Round Vegan Apple Cinnamon Challah
Challah bread isn’t strictly a dessert food, per se, but that doesn’t mean it can’t be! This tasty recipe from The Jewish Vegan is technically for Rosh Hashanah, but would be a delicious treat at any Hanukkah gathering. The Round Vegan Apple Cinnamon Challah is sweetened with maple syrup and sugar, filled with chopped apples, and topped with cinnamon sugar. Best of all, if everyone is too full from dinner, the leftovers will make for a great breakfast option the next morning.
Comedian Jerry Seinfeld had an entire bit dedicated to the deliciousness of the chocolate babka, and it’s easy to see why. Swirls of chocolate and enriched dough make this brioche-style bread really stand out on a dessert table. Domestic Gothess’ recipe is bereft of eggs, dairy, and any weird ingredients. Instead, the babka relies on the most essential ingredients in a baker’s arsenal: flour, yeast, patience, and time.
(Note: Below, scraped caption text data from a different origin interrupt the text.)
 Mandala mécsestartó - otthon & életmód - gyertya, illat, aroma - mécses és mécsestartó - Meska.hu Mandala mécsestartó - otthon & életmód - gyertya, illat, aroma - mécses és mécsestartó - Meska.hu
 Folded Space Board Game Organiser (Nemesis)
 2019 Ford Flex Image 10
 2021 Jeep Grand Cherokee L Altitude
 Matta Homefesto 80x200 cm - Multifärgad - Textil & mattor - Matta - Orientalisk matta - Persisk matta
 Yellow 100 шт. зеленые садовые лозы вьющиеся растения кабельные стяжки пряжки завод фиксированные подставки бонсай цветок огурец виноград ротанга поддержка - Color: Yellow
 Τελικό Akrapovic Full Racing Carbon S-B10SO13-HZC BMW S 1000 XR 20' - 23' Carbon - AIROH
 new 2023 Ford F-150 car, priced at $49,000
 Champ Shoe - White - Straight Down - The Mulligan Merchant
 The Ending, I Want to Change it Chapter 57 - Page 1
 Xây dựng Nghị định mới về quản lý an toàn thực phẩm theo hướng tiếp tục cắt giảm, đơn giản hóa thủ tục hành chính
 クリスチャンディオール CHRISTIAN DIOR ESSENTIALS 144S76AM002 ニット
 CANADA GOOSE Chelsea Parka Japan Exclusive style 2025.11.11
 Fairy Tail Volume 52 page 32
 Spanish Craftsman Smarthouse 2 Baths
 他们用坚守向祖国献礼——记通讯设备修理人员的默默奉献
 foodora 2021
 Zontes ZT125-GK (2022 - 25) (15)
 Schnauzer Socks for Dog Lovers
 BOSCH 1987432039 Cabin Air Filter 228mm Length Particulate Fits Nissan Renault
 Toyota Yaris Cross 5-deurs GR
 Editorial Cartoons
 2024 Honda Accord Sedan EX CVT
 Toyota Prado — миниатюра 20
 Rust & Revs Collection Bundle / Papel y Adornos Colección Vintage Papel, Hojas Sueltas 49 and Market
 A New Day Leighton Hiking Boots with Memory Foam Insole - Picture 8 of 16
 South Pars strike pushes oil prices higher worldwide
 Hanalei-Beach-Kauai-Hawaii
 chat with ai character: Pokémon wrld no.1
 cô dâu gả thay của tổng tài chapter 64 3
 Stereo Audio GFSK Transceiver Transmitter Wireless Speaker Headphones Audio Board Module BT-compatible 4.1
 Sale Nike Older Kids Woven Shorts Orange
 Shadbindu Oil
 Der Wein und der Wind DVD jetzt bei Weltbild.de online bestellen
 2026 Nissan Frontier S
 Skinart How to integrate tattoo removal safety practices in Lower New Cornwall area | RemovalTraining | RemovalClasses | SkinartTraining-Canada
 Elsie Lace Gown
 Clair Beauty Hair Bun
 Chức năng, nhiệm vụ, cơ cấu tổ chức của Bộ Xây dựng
Rugelach is typically a light, buttery pastry that takes a good deal of time and effort to make, but boy is it worth it. Typical recipes call for cream cheese and dairy butter, but vegan chefs don’t need all that nonsense to make a scrumptious version of this traditional cookie. This recipe from That’s One Tough Cookie replaces those elements with vegan cream cheese and margarine, and invites home bakers to add any filling they like, including cinnamon, raisins, walnuts, and/or chocolate.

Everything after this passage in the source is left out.